Classroom lesson · Food · 🇸🇾 Syria

Kibbeh

Syria's national dish - minced meat and bulgur wheat shaped by hand

Photo · Wikimedia Commons

What is it?

Kibbeh is often called the national dish of Syria. It is made from minced lamb mixed with bulgur wheat (a type of cracked wheat) and spices, then shaped into ovals or balls by hand. Some kinds are eaten raw, some are baked, and some are deep-fried until golden and crispy on the outside.

Tell me more

Bulgur wheat is wheat that has been boiled, dried and cracked into small pieces. It has been eaten across the Middle East for thousands of years and is one of the earliest processed foods in history.
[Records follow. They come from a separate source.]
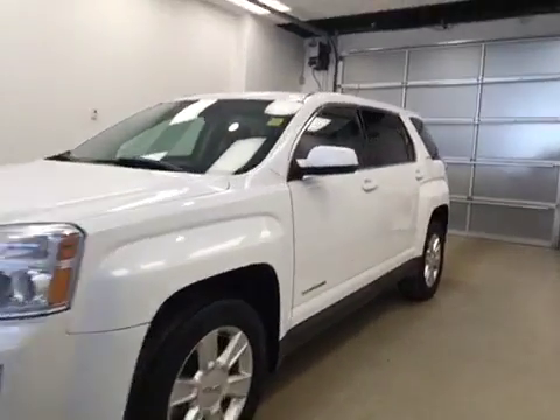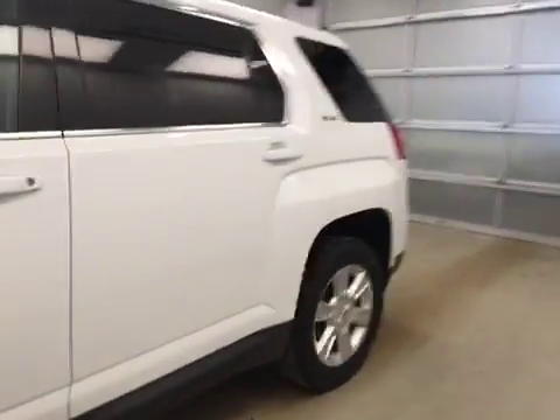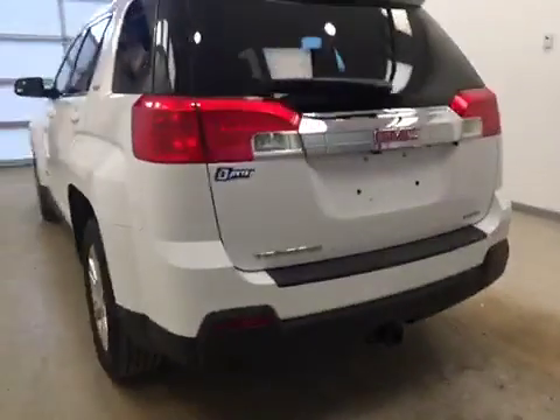This is stock number 164137, a 2012 GMC Terrain SLE, all-wheel drive. Exterior color is Summit White.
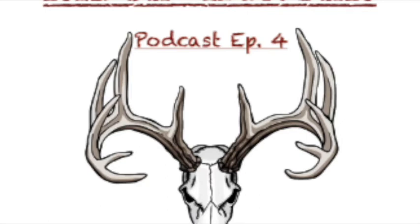This is the Ridge Hunter Outdoors Podcast Episode 4. I'm Canyon Clark here with Nate Burgess, Scott Clark, and Jeff Fry.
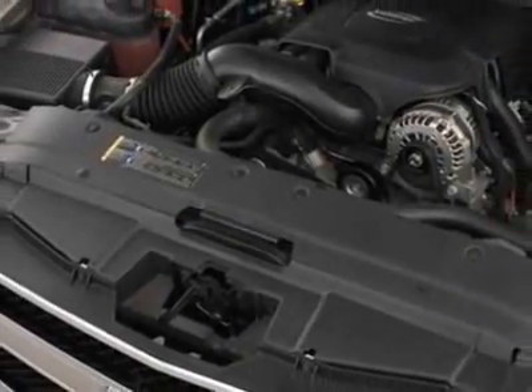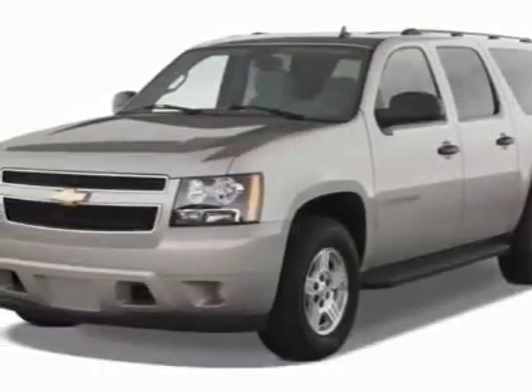Call 877-542-2424 or email our friendly sales staff today to schedule a test drive.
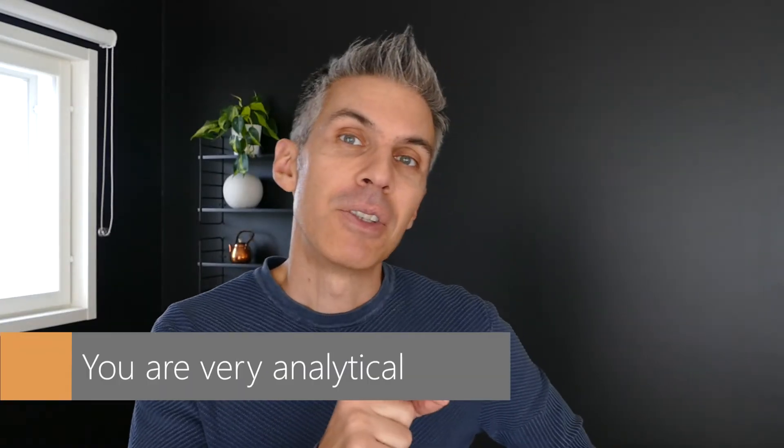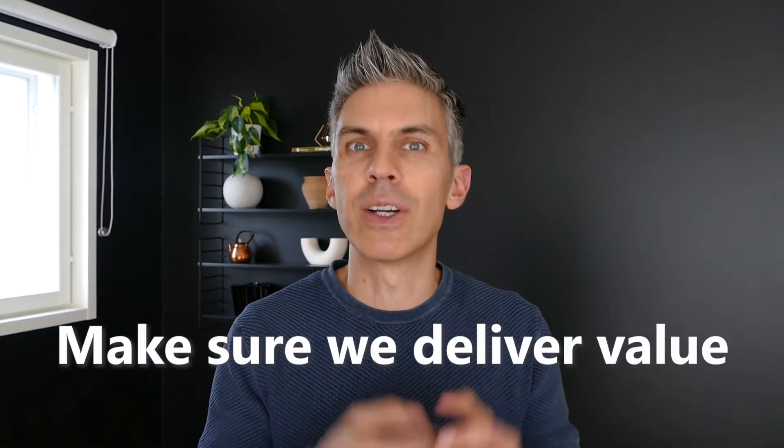So you are a very analytical person and you want to go ahead and describe a set of success metrics for your feature. How do I make sure that I'm actually delivering value to my users? As a product manager, you need to decide what are the key success metrics to track whether this feature is successful or brings value to your customers.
When mixed with minced meat and spices, it creates a mixture that can be moulded into shapes - the classic kibbeh shape is an oval with pointed ends, like a large olive.

Fried kibbeh has a crispy bulgur shell on the outside, and when you bite through it you find a filling of spiced minced meat with onions, pine nuts and warm spices like cinnamon, allspice and cumin inside. The combination of crunchy outside and flavoured inside makes it instantly memorable.

There are dozens of regional variations across Syria and Lebanon. Some are baked flat in a tray and cut into diamonds. Some are stuffed with cheese. Some are simmered in yogurt sauce. Cooks take great pride in their family recipe, and the shaping of kibbeh by hand is considered a skill passed from parent to child.

Kibbeh is found at family gatherings, celebrations and everyday family dinners across Syria and across Syrian communities around the world. It is also popular across Lebanon, Jordan, Turkey and beyond - a single dish that connects millions of people across different countries through a shared culinary tradition.

In the classroom

Walk your class through this in 15 minutes.

Talk together

Discussion prompts

  1. 01Kibbeh is made from two ancient ingredients - wheat and lamb. Why might these have been staple foods in the Middle East for thousands of years?
  2. 02Many cultures have a 'national dish'. What dish might you choose to represent your country or family, and why?
  3. 03Shaping kibbeh by hand is a skill passed from parent to child. What other food skills or recipes does your family pass down?
Try this

Classroom activity

Without using actual food, practise the skill of shaping! Use air-dry clay or playdough to make oval kibbeh shapes with pointed ends. Try to make them as even and symmetrical as you can. Count how many you can make in five minutes - how do you improve with practice?